One of the chief problems with student debt is that the college investment is seriously disconnected with the actual marketplace. I have heard of students graduating with an acting degree and trying to cover a $100,000 debt! What is the employment rate of actors? And what do they get paid? Let me give you a hint – very low. Consider how disheartening it is when a young person with an acting degree loses an audition to someone who simply has talent. Yes – that is the untold secret to college students. YOU DON’T NEED A DEGREE TO ACT! Yet for four years a young person was given an illusion that a degree in acting was worth the financial risk of incurring a loan that amounted to buying a house. Should that debt be forgiven? And if so, does it seem to you that more than just the student is the cause of this problem? Think about that.
The second problem is that students (and their co-signing parents) see college as some sort of rite-of-passage, a place to discover yourself. What sort of idiot thinks that borrowing $18,000 is a way to “discover yourself?” Yet it happens thousands of times every time a semester begins. For those who chock up $100,000 in debt, it is like buying a Lamborghini to decide whether you like to drive fast.
The fixation on college assumes that it must begin at the age of eighteen. Whatever happened to the “walk-about?” I remember how several of my classmates did just that after they graduated. They had poured their hearts and souls into four years of intense study, only to find themselves uncertain about their next step. There was this foreboding concern that college life was not real life. It seemed all of us regarded two things in light of this. First, why go to college immediately? Why not take the year off before stepping into college? And why four years? Why not five? Why not six? Work along the way, experience the world.
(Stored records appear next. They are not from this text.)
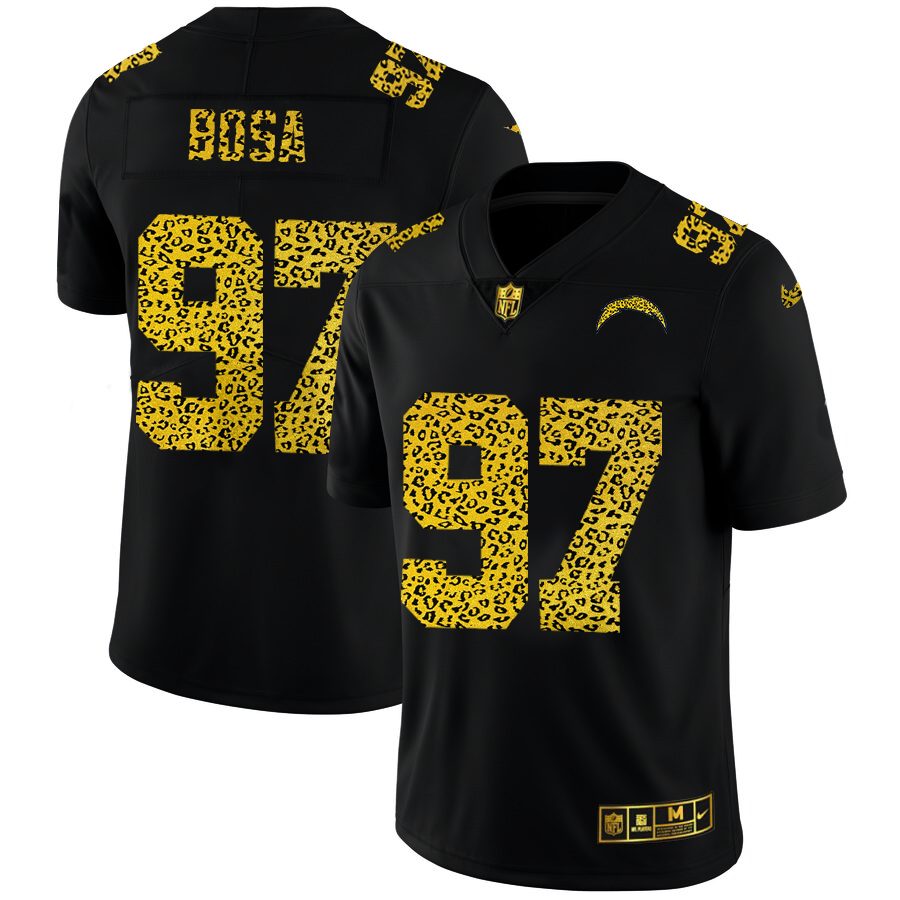 Los Angeles Chargers #97 Joey Bosa Men's Leopard Print Fashion Vapor Limited Jersey Black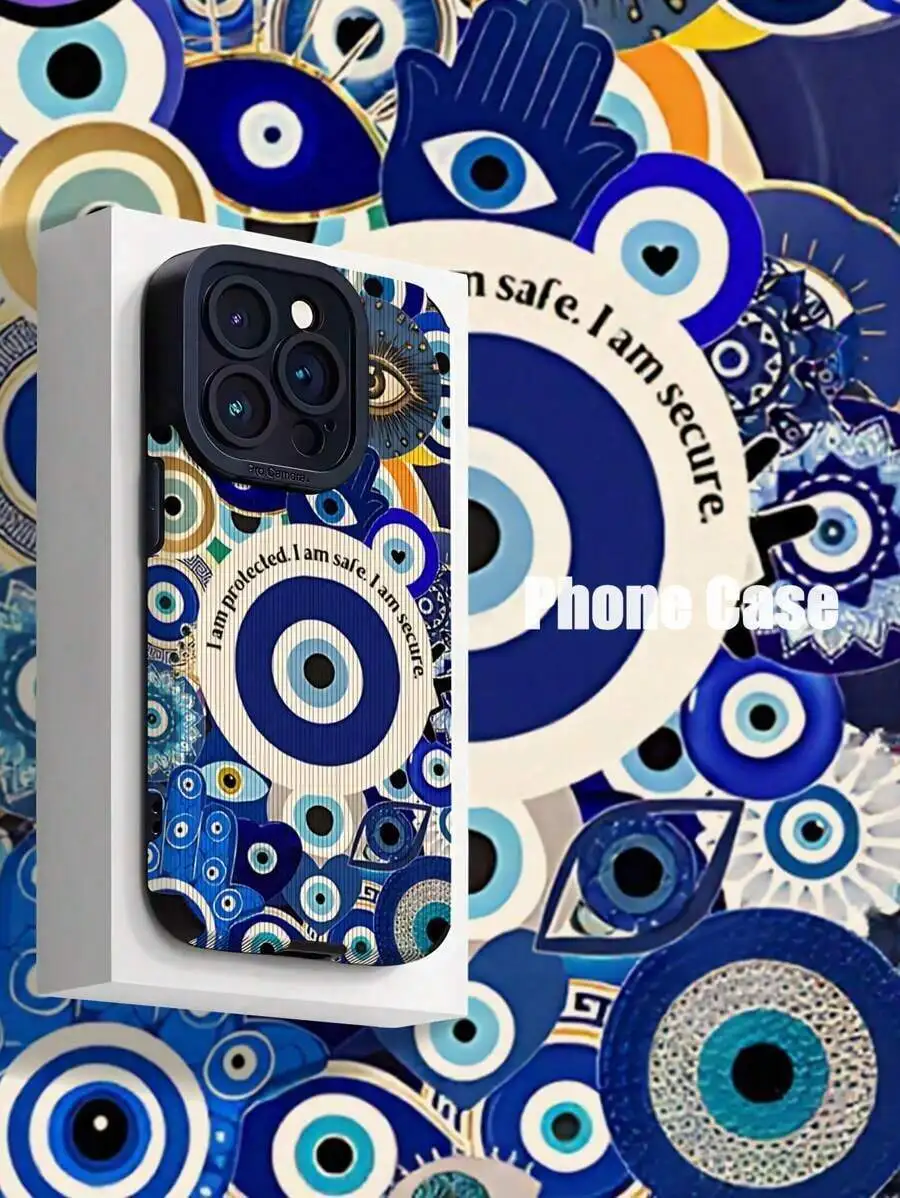 

Evil Eye Pattern Protective Soft Phone Case For iPhone 16 Pro Max Blue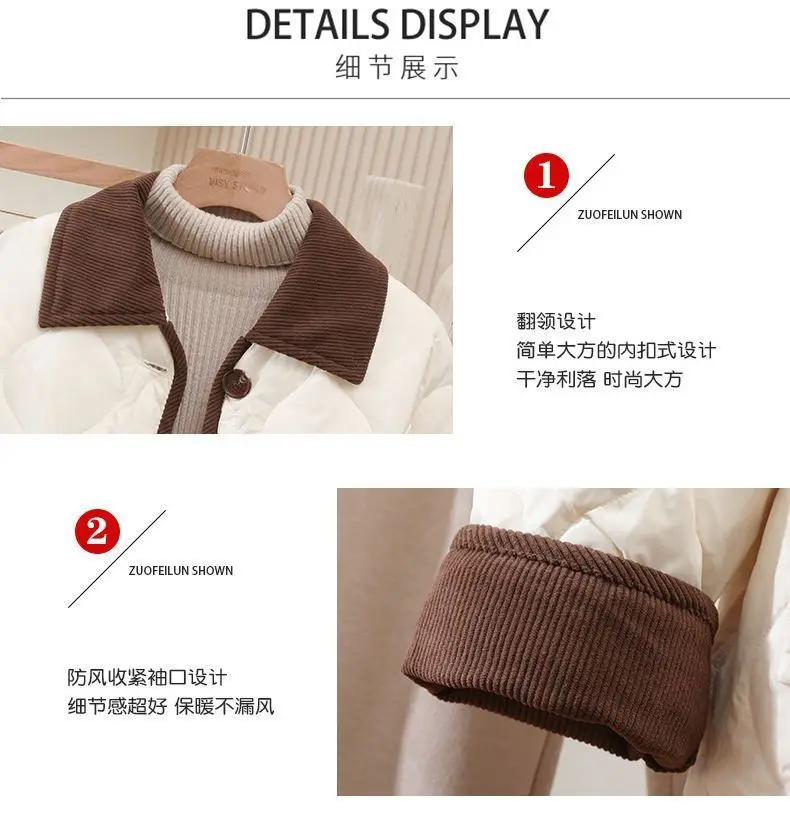 2026 Female Padded Jacket New Korean Loose Flip Collar Corduroy Diamond Grid Jacket Women Winter Short Lightweight Cotton Coat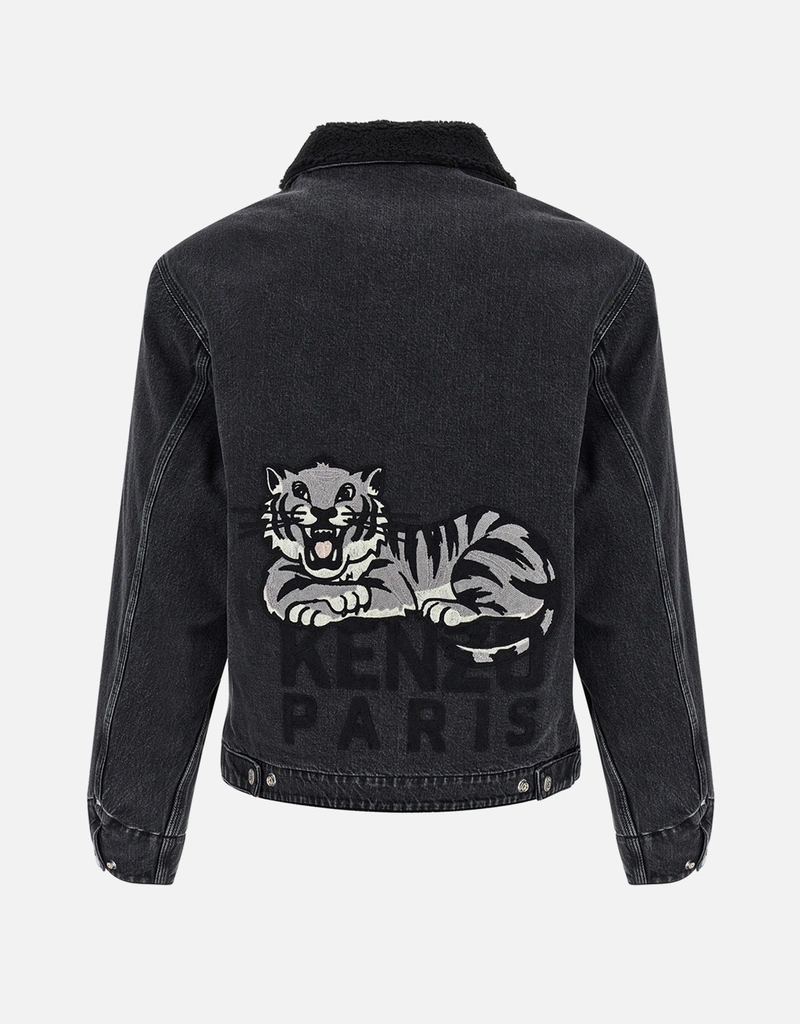 Kenzo Men's Denim Teddy-Effect Embroidered Jacket (Clothing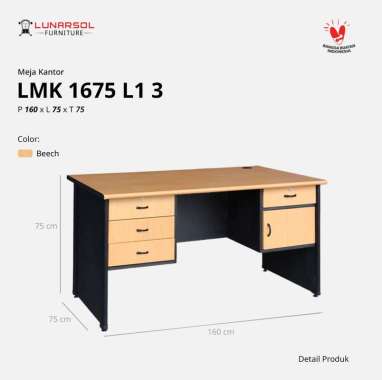 LUNARSOL LMK 1260 Meja Kantor 120x60x75 1/2 Biro LMK 1675 L1 L3 BEECH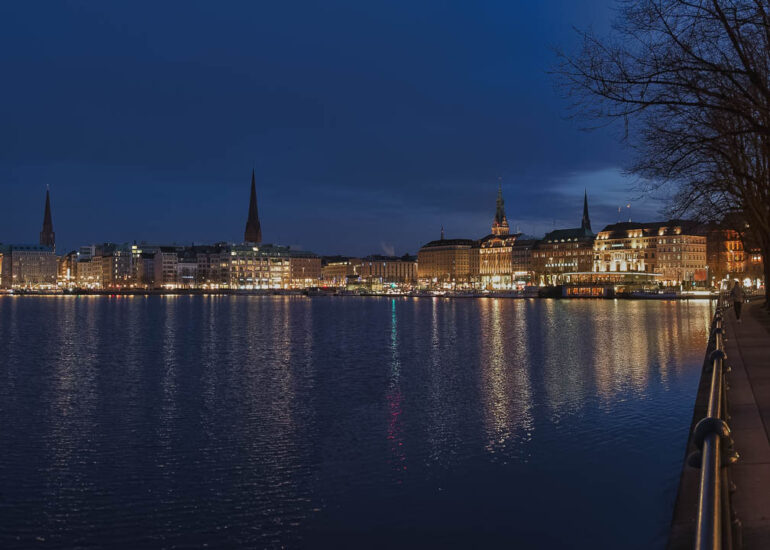 Hamburg Panorama Wand- und Leinwandbilder 23 Hamburg Hafen Blick Pano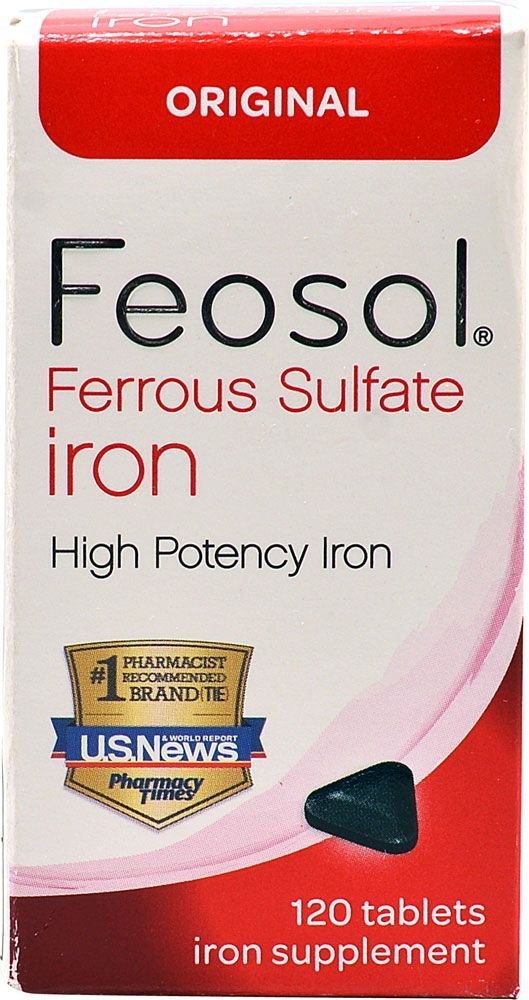 Feosol Ferrous Sulfate Iron Tablets Original - 120 tablets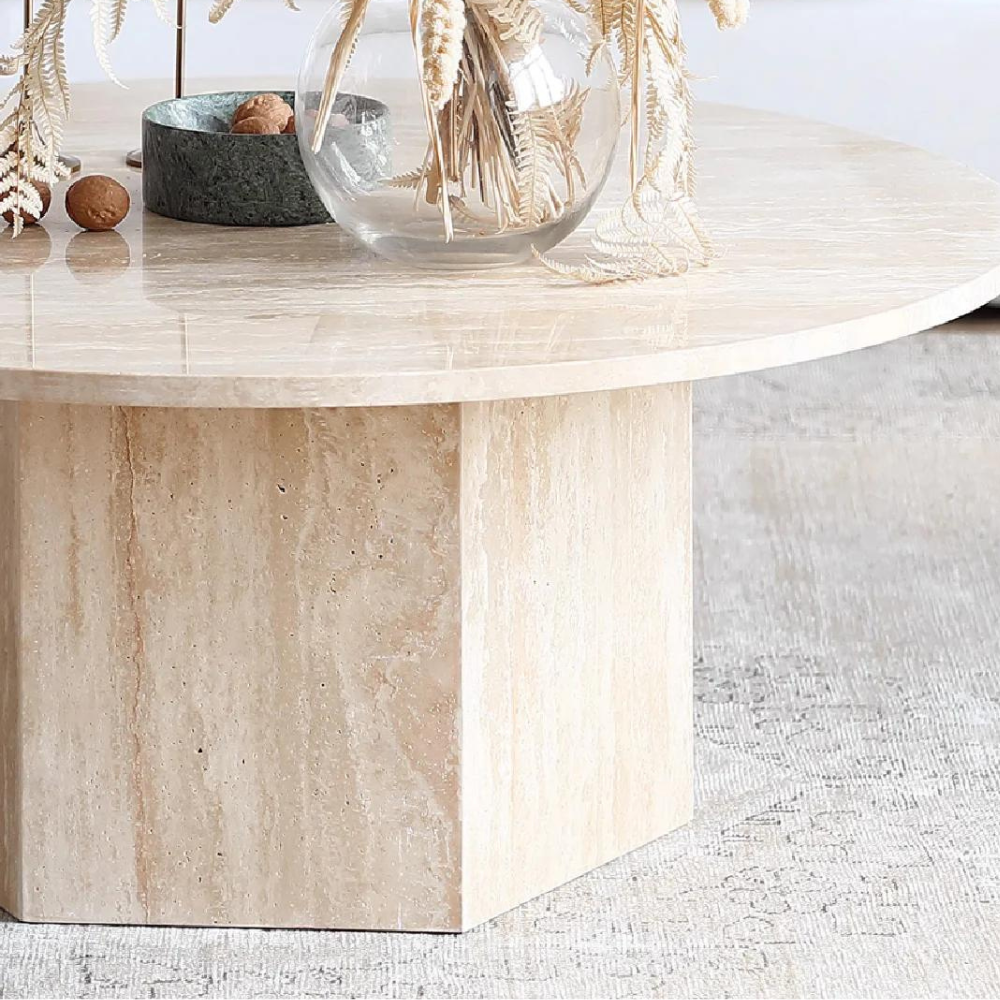 HEX HAND CRAFTED ORGANIC TRAVERTINE ROUND COFFEE TABLE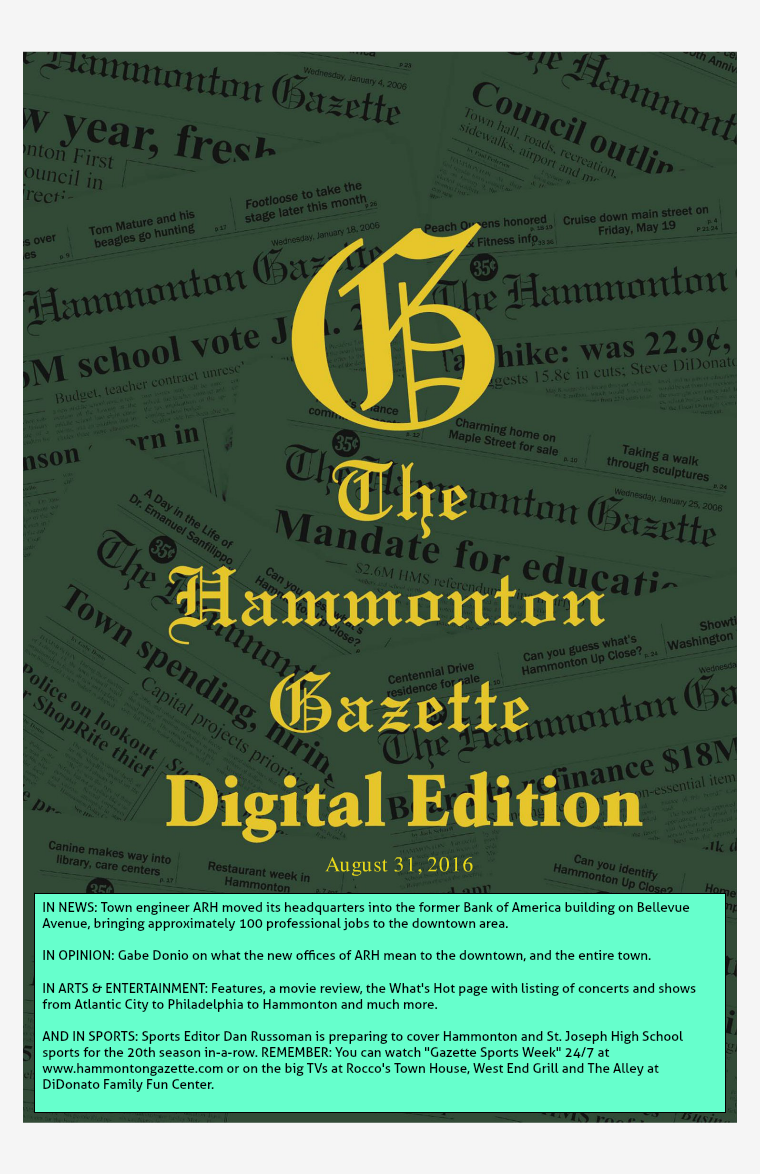 The Hammonton Gazette 08/31/16 Edition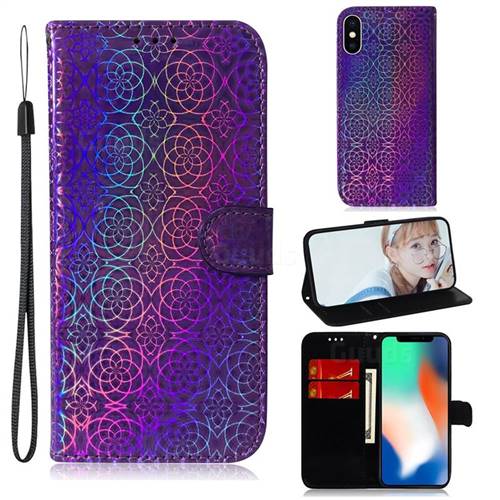 Laser Circle Shining Leather Wallet Phone Case for iPhone XS / iPhone X(5.8 inch) - Purple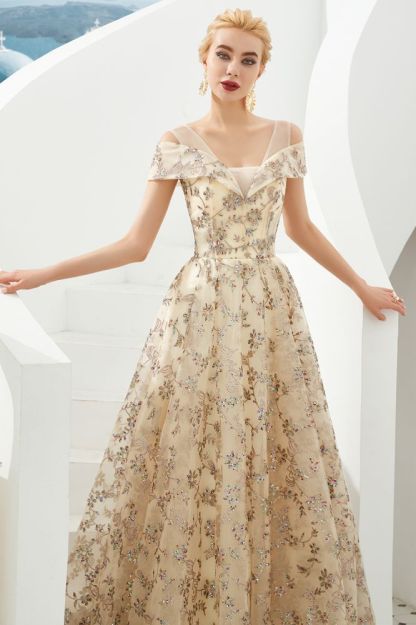 Herbert | Elegant Gold Cold shoulder Prom Dress with Delicate Multi-color Lace Appliques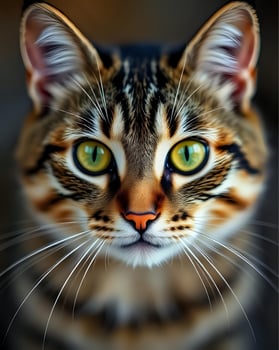 Macro Shot of a domestic Cat Head, Blurred background Animal Portrait, Pet Photo, Stripes feline Mammal Cute kitty fur texture green eyes, Close-up Photography, Soft-focus detailed image 2 photo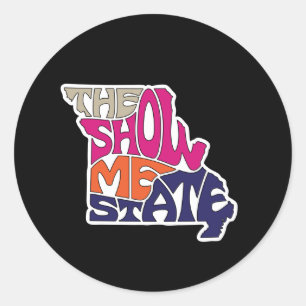 Sticker Rond État de Show Me - Missouri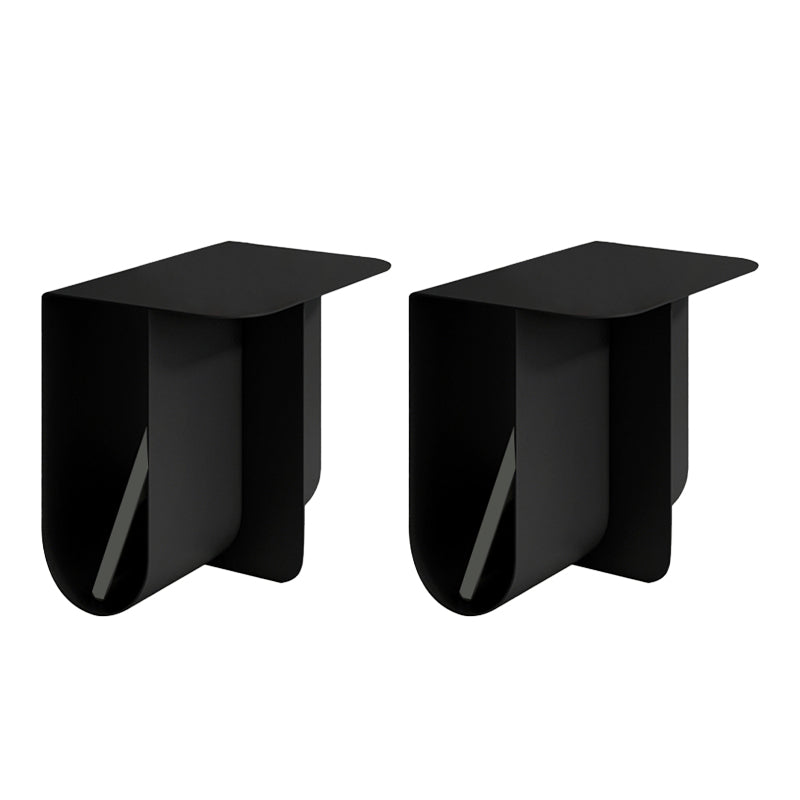 Contemporary Sofa Side Accent Table Metal with Storage Living Room Abstract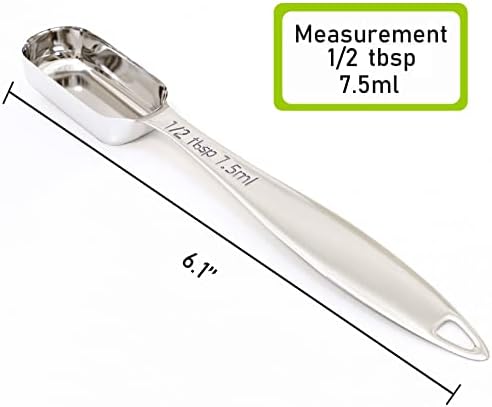 1PCS 1/2tbsp(7.5ml) Measuring Spoon, Stainless Steel Measure Teaspoon
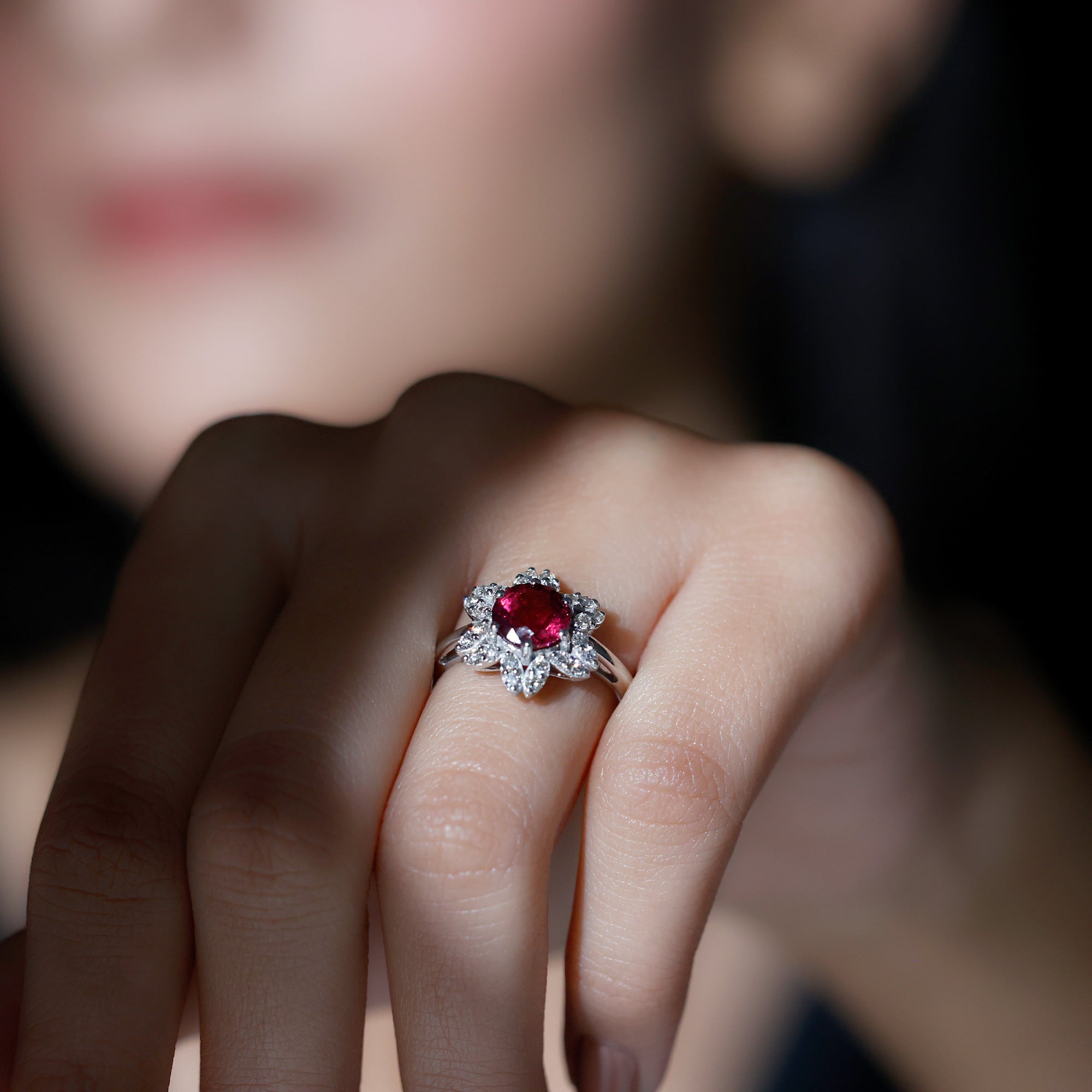 Rosec Jewels-Real 1.2 Carat Round Pink Tourmaline Flower Engagement Ring with Diamond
To fix the student debt problem, it will need to involve the student, the colleges, and the government. Colleges are culpable. Often well-endowed, they entice students to pursue majors that have no prospect of employment in the private sector. They have added measurably to the cost of college by maintaining antiquated standards and embedding costly aspects to the education process. Government is responsible for making all this too easy. When Biden and the Democrats offer loan forgiveness, we need to remember that we all pay. We will pay in two ways. Our tax dollars will have been forever lost. And the inflationary pressure of free money being released into the economy will further injure the responsible Americans. Inflation is rooted in under-productivity. And a big part of that are the colleges.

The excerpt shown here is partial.